例えば誰かを好きになるとする。すると次はどうやってアプローチしようと考えたり、ちょっとしたことで自分が相手に嫌われてしまったのではないかと考えたり、他に恋人や好きな人がいたらどうしようなどと考えてしまったりするのだ。

それでうまく交際されたら、次は相手が浮気をしていないかとかそういう不安を人は抱きやすくなる。

これはまさに疲弊する恋愛だ。

理性の罠に嵌ってしまっている。

 

それから好きになった人が例えば既に結婚してしまっていたりした場合、理性ある人はその場で諦めるか、執着の強い人は相手のパートナーに激しい嫉妬を覚えたり、またあるものは不倫を続けたり、なんとかしてこの恋愛をうまくいかせようと、不倫を否定しない都合のいい占い師のもとに通い詰めたりする。

 

こういった一見対照的に見える2つの作用も、人間の持つ第3のパーツ、魂によって上手に制御でき、それによって恋愛的な苦しみも克服できると私は考えた。

 

ここで、これまでの肉体や精神つまりは理性への考察から一歩離れて考えてみることにする。人が生まれる前、つまり2次成長期に入る前の男女の子供は、相手の性別を特に意識することなく一緒に鬼ごっこをしたり遊んだりすることが多い。

それは生後からの時間が短ければ短いほど、互いの性別の違いをあまり意識しない。

その後獲得していく知識レベルや、社会性のレベルから離れ、こういった生まれてまもない頃の、文化や社会の制約を受けていない頃の状態を社会哲学者のJohn Rawlsは原初状態(original positon)と定義し、以下のように説明されている。

 

It is not enough -- indeed, it is irrelevant -- to say that the contract is historically inaccurate, or that the veil of ignorance is psychologically impossible, or that the original position is in some other way unrealistic. The question is not whether the original position could ever really exist, but whether the principles which would be chosen in it are likely to be fair, given the nature of the selection process.

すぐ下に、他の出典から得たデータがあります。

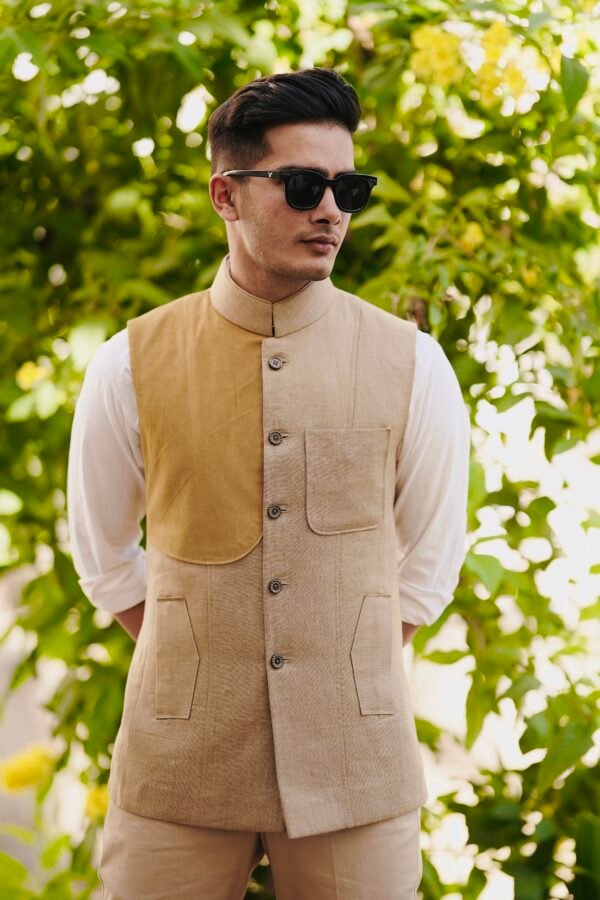 Hunting-Inspired Half Jacket in Khadi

Will Kymlicka, Contemporary Political Philosophy: An Introduction, Oxford: Oxford UP, 1990, p. 63.


内容としては、原初状態においては、 各人の個人情報(社会的階級、人種、性別、宗教、価値観) は無知のベール(veil of ignorance)の背後に隠されているため、 各人は自分の特定の状況について知ることができないと想定される。 (ただし、各人はまったく価値観をもたないわけではなく、 自由、機会、富、収入などの、 どういう生き方をするにしても望ましいもの[primary goods]は、 なるべくたくさん欲しがっているものとされる。 (彼はこれをthin theory of the goodと呼ぶ) これによって、 各人は特定の自己利益や価値観から解放され、 偏見のない公平な見地から正義について考えることができる。

 

この考え方で言うなら、まさに異性を意識するレベルに達するまでの子供というのは、veil of ignorance(無知のベール)という言葉によって説明され、そういった感覚から離れることだができる。つまり、恋愛によって生まれる苦しみは、精神レベルでも肉体レベルでも、成熟の過程で人間が獲得する後天的なものであると気づいてしまえば話は見えて来る。

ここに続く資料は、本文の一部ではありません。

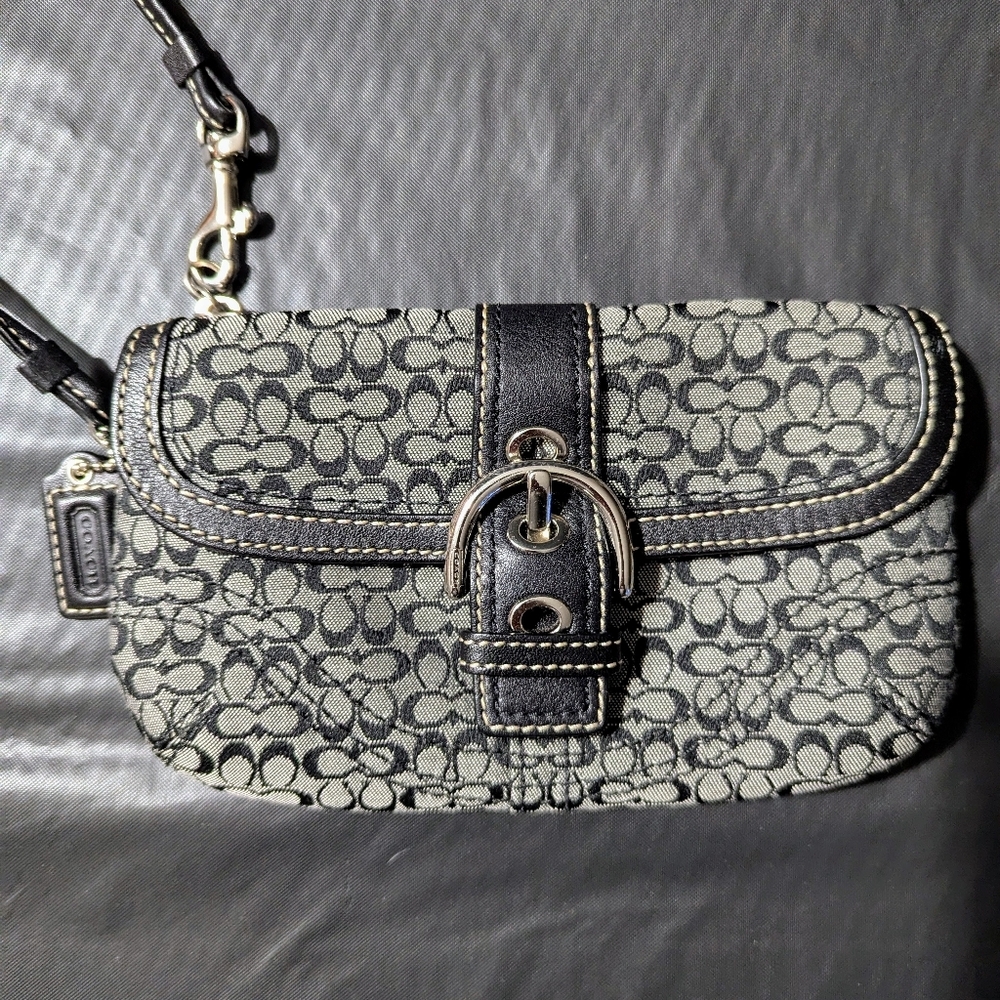 Coach Mini Signature Black Wristlet Early 2000s Y2k - Gem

そして私はその無知のベールにある頃の子供のような時の感覚、これを魂と呼ぶ。

日本語には3つごの魂百までという言葉があるが、3歳になるまで子供はどんな言語だろうと習得できるし、どんな文化にも適応でき、大人以上に聞き取れる音の可聴域も広く、嗅覚や視覚も鋭い。

成長の過程で徐々に失い忘れていくものがある。

 

もし人に生まれる前の姿があるとするならば、一般に人はこれを魂と呼ぶが、生後理性を獲得するまでの人はまさにその剥き出しの魂により近い状態であろう。

少し生々しい話をすれば、生後間もない男児が成人女性に欲情することもなければ射精の快楽を得ることもない。理性に関して言えば言わずもがなである。

ということは、魂により近い、または魂であるとは、異性の区別はないとも解釈できる。

 

理性と肉体の成長によって忘れてしまったその魂の感覚を取り戻すことができれば、一見相反する理性と肉体の乖離をコントロールすることができるだろう。

その段階まで来れば、これらは適宜使い分ければいいだけの道具であることに気づく。

 

魂の欲求を軸に置いた時、もしあなたが誰かを好きになったならば、まずは内側にその感情が理性によるものは本能よるものかをじっくり問うてみれば良いだろう。

好きだから相手のために何かしたい、とか、逆に好きだから近づかない、とか好きだから性的な交渉をしたい、とかという感覚はいずれにせよ正常である。

しかしもっとじっくりその感情を観察し、それらは生後の成長によって後天的に獲得した感覚から想起したものであると、その意識すら持つことができれば、その感覚に支配されることはなくなるだろう。

魂に性別などないのだから、まずは人として好きなってもらうことを考えれば良いわけである。とすれば自然に相手を支配しようという感覚や、逆に緊張しすぎて嫌われることを恐れて話しかけれないといった反応も起こらないであろう。人としての対話を続けていく中でもちろんそういう情欲が湧くこともあるかもしれない。

そこでお互いに情欲を感じあえるならば、自然とそういった行為にも入っていくだろうし、逆に行為後のトラブルというのもなくなるであろう。

 

逆に自分だけが好きで、相手はそうではないということもあるかもしれない。その場合は無理に好きになってもらおうとするのではなく、相手が自分を好きになるという「現象」が起こるのを待てば良いだけである。それでも好きになってくれない時は自分に問いかけ直して執着を捨てていけば良い。

 

また、逆に異性として関係を作るのはうまいが、付き合ってからうまくいかなかったり、長期的な関係を構築できない者も一定数いる。それで開き直っているのならまだしも、自分は人を好きになれないとネガティブになる者もいる。

それは単純に人よりも同じ異性に対して放出するエンドルフィンの分泌が終わるのが早いだけであり、むしろそれならそれで、恋愛感情がなくなってもなお、一緒にいて居心地が良かったり、人として尊重できれば、恋愛的な見方をすて、一人の人間としてしっかり見ることができれば長期的な関係も構築できるだろう。そこからいずれ結婚へ向かうかもしれない。

魂という視点で相手との関係を考えれているのか、それとも自分の情欲を満たすだけがその人との限界なのか、それは相手によって異なるであろうし、自分や相手の成長レベルによるだろう。

 

自分の感覚の中にある情欲と理性が、実は後天的に獲得したものであるという視点を持てれば、人は魂と対話を始めるだろう。

 

自分の本当の欲求が、理性や肉体の欲求と同一のものだと思い込んでいると、理性と肉体が拮抗を始めた時、人は「本当は自分はどうしたいのだろうか」と一つのジレンマに陥る。これはまさに内部での闘争である。

そしてそれこそが、理性と情欲の作り出す幻影であり、罠であったのだ。

だが誰しも一度や2度、こういった世界に入り込んでしまう。

だからこそ、そこの陥りそうになった時、それが幻影だということに気づいてほしい。

そして自分の奥深くを知る対話を始めれば良いのだ。